*** Opening Dataset records ***

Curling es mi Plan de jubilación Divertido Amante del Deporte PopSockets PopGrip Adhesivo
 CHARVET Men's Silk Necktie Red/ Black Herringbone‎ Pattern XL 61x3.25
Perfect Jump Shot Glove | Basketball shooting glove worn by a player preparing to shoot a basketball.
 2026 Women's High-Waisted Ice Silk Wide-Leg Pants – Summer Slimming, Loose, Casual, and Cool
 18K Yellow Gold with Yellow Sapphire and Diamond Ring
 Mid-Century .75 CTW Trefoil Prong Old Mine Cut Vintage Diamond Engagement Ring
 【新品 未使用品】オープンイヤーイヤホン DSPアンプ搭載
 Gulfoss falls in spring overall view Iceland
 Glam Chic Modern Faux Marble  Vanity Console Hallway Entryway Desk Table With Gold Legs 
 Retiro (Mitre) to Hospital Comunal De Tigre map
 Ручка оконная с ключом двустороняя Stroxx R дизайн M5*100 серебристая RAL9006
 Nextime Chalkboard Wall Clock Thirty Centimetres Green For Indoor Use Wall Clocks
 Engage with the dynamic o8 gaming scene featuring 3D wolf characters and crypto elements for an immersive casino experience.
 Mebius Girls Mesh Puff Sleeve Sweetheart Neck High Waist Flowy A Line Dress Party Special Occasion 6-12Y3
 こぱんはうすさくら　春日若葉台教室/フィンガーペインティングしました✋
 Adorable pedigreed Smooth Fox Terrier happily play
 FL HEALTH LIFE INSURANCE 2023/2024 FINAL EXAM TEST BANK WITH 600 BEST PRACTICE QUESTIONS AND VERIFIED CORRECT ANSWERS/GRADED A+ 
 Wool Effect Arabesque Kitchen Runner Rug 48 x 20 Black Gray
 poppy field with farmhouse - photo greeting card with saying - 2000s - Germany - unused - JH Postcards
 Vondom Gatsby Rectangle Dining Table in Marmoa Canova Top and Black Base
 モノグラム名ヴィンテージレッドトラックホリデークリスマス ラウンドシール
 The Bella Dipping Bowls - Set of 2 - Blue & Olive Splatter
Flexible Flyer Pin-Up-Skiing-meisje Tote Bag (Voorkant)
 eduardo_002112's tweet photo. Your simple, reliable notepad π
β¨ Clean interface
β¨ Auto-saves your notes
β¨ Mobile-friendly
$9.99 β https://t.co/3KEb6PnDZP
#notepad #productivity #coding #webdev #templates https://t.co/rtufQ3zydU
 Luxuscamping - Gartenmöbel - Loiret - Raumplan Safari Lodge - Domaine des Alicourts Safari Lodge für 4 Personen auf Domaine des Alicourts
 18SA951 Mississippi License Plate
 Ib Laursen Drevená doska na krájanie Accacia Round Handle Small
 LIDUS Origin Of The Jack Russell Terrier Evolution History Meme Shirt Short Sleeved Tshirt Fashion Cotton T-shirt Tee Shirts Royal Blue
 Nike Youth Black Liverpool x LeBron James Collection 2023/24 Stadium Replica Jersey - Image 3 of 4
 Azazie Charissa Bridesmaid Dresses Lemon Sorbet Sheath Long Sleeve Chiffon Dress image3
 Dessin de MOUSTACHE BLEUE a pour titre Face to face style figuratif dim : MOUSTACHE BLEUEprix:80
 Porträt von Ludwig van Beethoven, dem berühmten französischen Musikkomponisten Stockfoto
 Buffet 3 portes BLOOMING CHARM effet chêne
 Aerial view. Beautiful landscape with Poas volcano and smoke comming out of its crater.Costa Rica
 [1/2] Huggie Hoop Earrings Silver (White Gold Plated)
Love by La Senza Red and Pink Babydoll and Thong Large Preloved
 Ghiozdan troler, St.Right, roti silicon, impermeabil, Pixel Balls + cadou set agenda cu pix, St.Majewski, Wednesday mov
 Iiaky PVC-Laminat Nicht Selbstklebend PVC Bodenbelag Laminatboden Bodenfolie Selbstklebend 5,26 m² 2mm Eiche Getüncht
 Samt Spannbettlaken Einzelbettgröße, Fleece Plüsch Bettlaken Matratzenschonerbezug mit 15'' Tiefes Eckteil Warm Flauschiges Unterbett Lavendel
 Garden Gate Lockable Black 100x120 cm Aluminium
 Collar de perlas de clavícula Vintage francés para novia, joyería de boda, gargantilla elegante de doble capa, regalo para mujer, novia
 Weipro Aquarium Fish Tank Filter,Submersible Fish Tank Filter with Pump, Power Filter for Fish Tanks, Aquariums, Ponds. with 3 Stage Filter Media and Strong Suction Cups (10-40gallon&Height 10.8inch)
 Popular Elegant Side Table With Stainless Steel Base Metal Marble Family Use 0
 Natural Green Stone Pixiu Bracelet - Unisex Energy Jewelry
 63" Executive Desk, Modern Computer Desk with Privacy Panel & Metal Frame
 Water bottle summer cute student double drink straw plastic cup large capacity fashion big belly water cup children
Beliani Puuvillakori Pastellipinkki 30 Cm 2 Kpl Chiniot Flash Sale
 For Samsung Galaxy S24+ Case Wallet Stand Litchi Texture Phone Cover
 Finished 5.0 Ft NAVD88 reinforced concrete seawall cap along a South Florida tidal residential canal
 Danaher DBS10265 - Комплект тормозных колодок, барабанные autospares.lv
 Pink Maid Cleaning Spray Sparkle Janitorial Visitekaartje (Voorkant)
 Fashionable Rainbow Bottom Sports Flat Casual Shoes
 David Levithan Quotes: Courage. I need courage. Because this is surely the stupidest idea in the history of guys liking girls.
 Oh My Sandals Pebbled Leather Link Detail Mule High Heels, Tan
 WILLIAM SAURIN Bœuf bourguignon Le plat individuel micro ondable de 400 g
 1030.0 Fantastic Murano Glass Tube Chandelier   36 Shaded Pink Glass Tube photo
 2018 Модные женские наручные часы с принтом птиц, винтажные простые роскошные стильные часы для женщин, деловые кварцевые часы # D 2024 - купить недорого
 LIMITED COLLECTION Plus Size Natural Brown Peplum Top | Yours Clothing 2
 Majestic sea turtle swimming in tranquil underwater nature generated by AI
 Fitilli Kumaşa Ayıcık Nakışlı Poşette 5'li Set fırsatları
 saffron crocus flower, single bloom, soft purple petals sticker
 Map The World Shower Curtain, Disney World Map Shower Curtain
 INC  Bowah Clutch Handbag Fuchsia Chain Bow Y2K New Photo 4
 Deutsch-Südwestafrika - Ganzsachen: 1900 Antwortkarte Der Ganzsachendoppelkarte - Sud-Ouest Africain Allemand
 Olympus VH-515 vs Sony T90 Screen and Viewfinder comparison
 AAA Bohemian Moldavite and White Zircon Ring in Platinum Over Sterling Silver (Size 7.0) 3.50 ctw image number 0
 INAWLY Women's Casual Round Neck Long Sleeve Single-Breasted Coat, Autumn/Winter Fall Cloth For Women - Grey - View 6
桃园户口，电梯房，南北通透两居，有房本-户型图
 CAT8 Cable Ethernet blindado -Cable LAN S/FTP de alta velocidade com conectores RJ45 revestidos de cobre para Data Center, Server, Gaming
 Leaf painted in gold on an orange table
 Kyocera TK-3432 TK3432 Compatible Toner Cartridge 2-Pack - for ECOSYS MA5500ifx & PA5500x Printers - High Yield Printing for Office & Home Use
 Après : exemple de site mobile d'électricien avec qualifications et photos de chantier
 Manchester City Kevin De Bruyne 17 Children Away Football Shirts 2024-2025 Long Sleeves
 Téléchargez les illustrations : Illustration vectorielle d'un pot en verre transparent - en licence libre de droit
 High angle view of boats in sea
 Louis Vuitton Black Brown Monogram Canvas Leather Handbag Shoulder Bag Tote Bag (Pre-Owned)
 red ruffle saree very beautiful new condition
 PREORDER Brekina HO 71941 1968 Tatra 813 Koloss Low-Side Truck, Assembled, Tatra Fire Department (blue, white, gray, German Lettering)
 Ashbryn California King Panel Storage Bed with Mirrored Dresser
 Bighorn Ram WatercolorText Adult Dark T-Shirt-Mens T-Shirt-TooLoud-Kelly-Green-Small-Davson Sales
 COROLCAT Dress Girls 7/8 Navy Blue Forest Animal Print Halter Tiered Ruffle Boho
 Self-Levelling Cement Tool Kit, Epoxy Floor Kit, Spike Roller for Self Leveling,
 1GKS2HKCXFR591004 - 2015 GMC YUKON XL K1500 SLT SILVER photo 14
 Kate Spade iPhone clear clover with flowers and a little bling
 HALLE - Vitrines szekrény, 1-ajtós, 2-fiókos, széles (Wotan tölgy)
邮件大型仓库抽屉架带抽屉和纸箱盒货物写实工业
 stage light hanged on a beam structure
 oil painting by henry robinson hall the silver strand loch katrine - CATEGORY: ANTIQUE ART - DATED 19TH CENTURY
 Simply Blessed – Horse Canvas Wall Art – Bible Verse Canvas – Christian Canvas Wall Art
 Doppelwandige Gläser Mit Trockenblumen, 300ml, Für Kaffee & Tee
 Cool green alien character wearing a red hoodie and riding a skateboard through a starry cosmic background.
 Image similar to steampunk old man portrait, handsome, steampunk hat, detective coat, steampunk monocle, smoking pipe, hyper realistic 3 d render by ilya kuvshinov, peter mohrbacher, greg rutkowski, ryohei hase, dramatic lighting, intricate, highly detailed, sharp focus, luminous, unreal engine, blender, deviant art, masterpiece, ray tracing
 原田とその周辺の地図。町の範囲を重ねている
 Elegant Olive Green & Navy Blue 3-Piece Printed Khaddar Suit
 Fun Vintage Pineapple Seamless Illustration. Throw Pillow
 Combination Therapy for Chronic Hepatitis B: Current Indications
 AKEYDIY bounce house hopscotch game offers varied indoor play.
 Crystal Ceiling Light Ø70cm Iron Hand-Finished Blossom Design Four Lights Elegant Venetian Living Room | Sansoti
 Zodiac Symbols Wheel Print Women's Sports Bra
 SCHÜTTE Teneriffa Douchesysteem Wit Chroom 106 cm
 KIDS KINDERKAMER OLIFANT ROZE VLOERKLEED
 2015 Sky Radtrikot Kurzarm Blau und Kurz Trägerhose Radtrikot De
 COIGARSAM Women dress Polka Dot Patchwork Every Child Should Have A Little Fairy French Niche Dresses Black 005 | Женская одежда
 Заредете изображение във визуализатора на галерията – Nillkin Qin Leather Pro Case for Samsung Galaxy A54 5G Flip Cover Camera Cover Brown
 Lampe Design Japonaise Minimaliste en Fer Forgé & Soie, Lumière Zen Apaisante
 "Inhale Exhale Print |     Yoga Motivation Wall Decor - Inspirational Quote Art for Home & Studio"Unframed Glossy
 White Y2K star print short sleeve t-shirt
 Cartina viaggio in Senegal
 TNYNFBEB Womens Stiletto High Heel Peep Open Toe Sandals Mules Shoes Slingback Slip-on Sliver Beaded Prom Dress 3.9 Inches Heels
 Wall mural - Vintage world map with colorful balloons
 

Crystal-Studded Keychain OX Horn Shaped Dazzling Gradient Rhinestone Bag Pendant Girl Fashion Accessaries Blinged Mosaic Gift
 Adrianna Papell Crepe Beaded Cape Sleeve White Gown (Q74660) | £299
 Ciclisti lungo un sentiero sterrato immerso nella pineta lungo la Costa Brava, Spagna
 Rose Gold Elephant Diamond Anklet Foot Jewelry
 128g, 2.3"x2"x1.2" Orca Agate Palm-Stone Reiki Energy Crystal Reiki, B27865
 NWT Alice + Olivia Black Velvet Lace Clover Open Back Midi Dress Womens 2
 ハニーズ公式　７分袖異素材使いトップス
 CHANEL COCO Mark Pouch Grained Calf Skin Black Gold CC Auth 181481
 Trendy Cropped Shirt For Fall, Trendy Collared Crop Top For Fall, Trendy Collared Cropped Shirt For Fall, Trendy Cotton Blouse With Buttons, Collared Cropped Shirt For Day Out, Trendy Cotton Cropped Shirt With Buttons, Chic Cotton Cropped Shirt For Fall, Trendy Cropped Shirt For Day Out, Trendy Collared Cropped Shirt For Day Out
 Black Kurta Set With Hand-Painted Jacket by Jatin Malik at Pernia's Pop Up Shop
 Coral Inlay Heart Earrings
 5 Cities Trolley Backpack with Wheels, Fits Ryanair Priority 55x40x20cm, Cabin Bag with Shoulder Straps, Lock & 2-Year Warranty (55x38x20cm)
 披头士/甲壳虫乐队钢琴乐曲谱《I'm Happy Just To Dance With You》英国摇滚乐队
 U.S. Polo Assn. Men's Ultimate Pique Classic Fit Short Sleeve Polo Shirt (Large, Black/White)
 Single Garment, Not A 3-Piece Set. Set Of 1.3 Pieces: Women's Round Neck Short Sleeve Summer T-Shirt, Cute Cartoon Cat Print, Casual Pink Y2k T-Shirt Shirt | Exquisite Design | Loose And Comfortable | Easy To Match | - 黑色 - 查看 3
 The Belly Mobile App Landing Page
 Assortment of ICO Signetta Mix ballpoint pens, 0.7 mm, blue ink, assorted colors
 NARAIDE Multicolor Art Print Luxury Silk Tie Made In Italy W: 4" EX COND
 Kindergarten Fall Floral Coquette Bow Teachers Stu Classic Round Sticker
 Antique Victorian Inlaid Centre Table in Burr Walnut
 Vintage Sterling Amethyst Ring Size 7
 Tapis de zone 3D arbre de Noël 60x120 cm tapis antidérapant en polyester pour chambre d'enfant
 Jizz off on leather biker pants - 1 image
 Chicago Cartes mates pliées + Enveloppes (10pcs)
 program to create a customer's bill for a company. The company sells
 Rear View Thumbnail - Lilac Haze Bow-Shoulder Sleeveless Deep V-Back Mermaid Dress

*** Closing Dataset records ***

● Aim of the task:
In the listing above, find the line with "Water bottle summer" and the line with "For Samsung Galaxy S24+", then print exactly those two lines and every line between them, and nothing more.

● Task answer:
 Water bottle summer cute student double drink straw plastic cup large capacity fashion big belly water cup children
Beliani Puuvillakori Pastellipinkki 30 Cm 2 Kpl Chiniot Flash Sale
 For Samsung Galaxy S24+ Case Wallet Stand Litchi Texture Phone Cover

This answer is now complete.